Title: Tolerant testing for nearly-sortedness and applications
An array A of n reals is (k,l)-nearly sorted if it contains a set E of k elements, such that in A'=A\E for every i < j either A'[i]<=A'[j] or j-i<=l. In this talk we will see a (tolerant) tester that can distinguish (k,l)-nearly sorted arrays from those that are not even (ck,cl)-nearly sorted. Then we will describe an efficient algorithm for sorting (k,l)-nearly sorted arrays. Finally, we will discuss some potential applications of these algorithms in databases.
Joint work with Sagi Ben-Moshe, Eldar Fischer, Yaron Kanza.
Title: Transitive-closure Spanners
We define the notion of a transitive-closure spanner of a directed graph. A transitive-closure spanner of a given directed graph is a graph of small diameter that preserves connectivity of the original graph. Formally, given a directed graph G = (V,E) and an integer k>=1, a k-transitive-closure-spanner (k-TC-spanner) of G is a directed graph H = (V, E_H) that has (1) the same transitive-closure as G and (2) diameter at most k. These spanners were studied implicitly in sublinear algorithms, access control, and data structures, and properties of these spanners have been rediscovered over the span of 20 years. We bring these areas under the unifying framework of TC-spanners. We abstract the common task implicitly tackled in these diverse applications as the problem of constructing sparse TC-spanners. We study the size of the sparsest k-TC-spanners for specific graph families, as well as the computational task of finding the sparsest k-TC-spanner for a given input graph. We present new positive and negative results on both fronts. In the talk, we will explain some ramifications of these results for testing monotonicity of functions. Joint work with Arnab Bhattacharyya, Elena Grigorescu, Kyomin Jung and David Woodruff.

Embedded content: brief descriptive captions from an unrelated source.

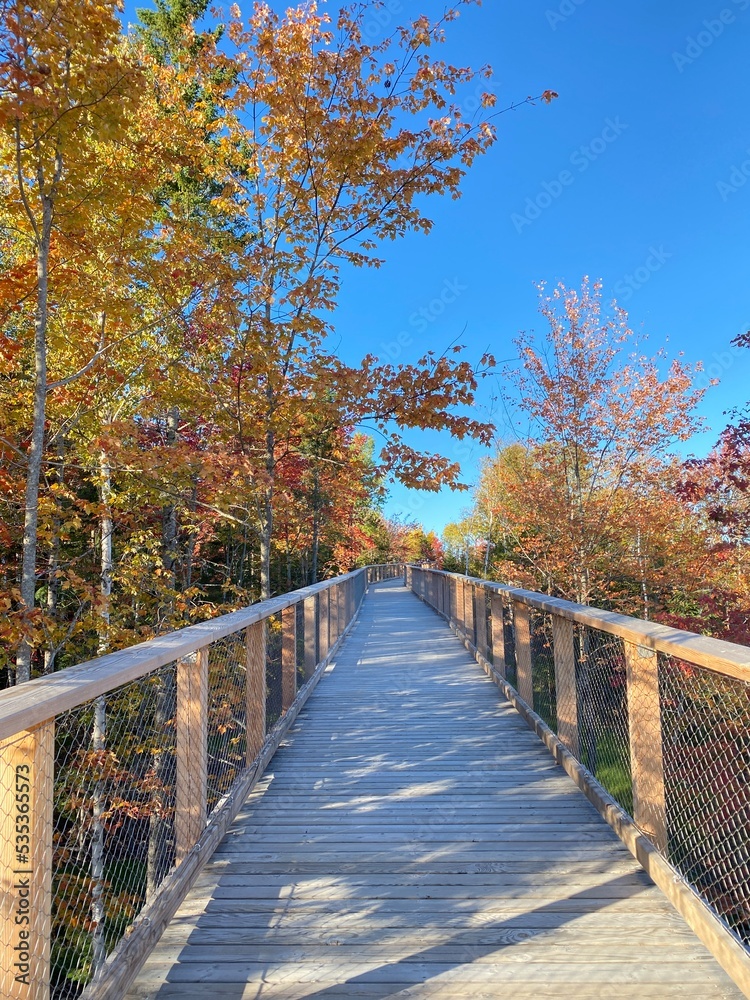 Wooden bridge in the forest. Footpath in the wood. Autumn in the park. Forest trail on a beautiful day in late summer, early fall. Wooden walkways, hiking trail. Sunlight through the colored leaves.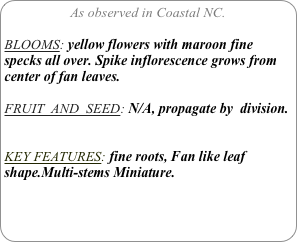 As observed in Coastal NC.

BLOOMS: yellow flowers with maroon fine specks all over. Spike inflorescence grows from center of fan leaves.

FRUIT  AND  SEED: N/A, propagate by  division.


KEY FEATURES: fine roots, Fan like leaf shape.Multi-stems Miniature.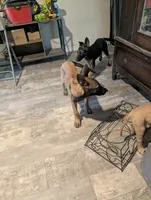 Echo, a male Belgian Malinois for sale in Crowley, TX – 2 of 5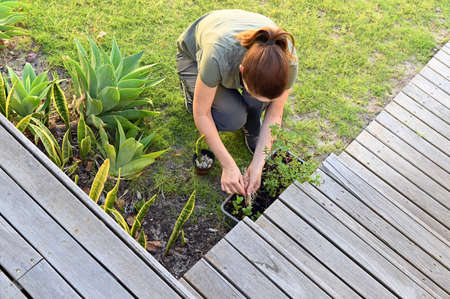 Young woman weeding plants in home garden.Real people. Copy spaceの写真素材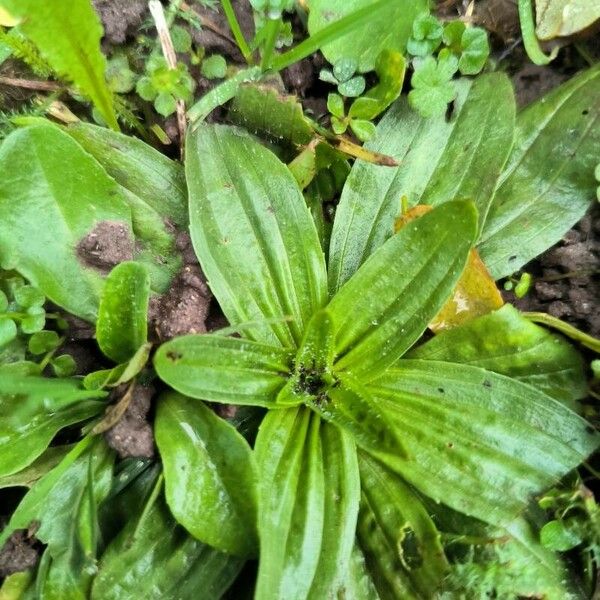 Plantago media Buveinė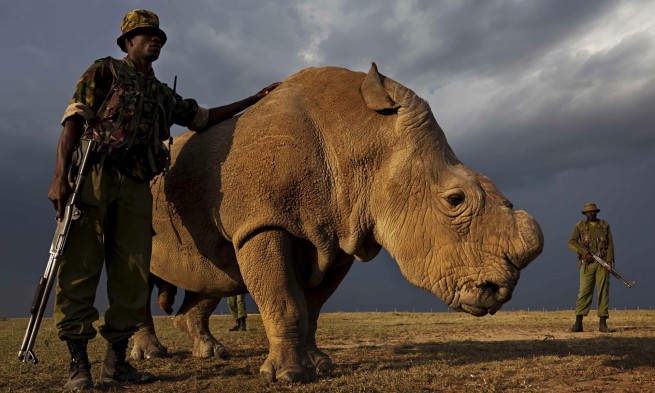 Последният мъжки носорог от вида си ходи с въоръжена охрана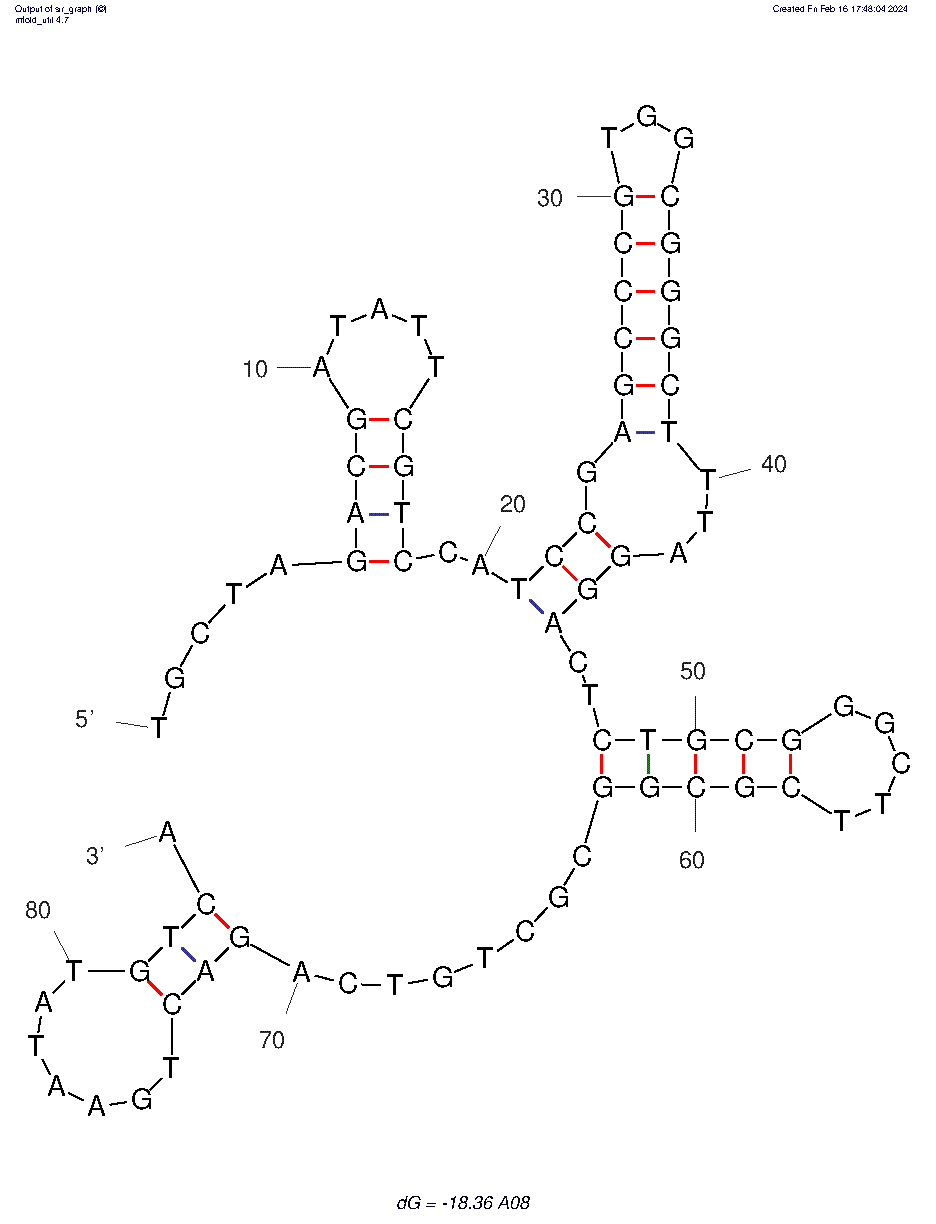 A08 (Glyphosate Aptamer) structure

Title: Testing Global Properties of Distributions
We survey several works regarding the complexity of testing global properties of distributions, when given access to only a few samples from the distributions. Such properties might include testing if two distributions have small statistical distance, testing various independence properties, testing whether a distribution has a specific shape (such as monotone decreasing), and approximating the entropy. Classical techniques, such as the Chi-squared test or the straightforward use of Chernoff bounds, have sample complexities that are at least linear in the size of the support of the underlying discrete probability distributions. We will describe bounds for many such testing problems whose sample complexities are sublinear in the size of the support.
Title: Low degree testing
Given a multivariate function over a finite field we would like to decide whether this function is a polynomial of a given (low) degree, or, is in fact rather far from all such polynomials. This decision should be made very quickly - after querying the function in a small number of places. In other words, we want to test the functional property of being a multivariate low-degree polynomial.
This is a natural property testing question which turns out to have many interesting connections with other ares of theoretical computer science and mathematics, such as coding theory, complexity, and additive number theory.
In this survey talk we will discuss the problem and try to cover some of the related results and developments.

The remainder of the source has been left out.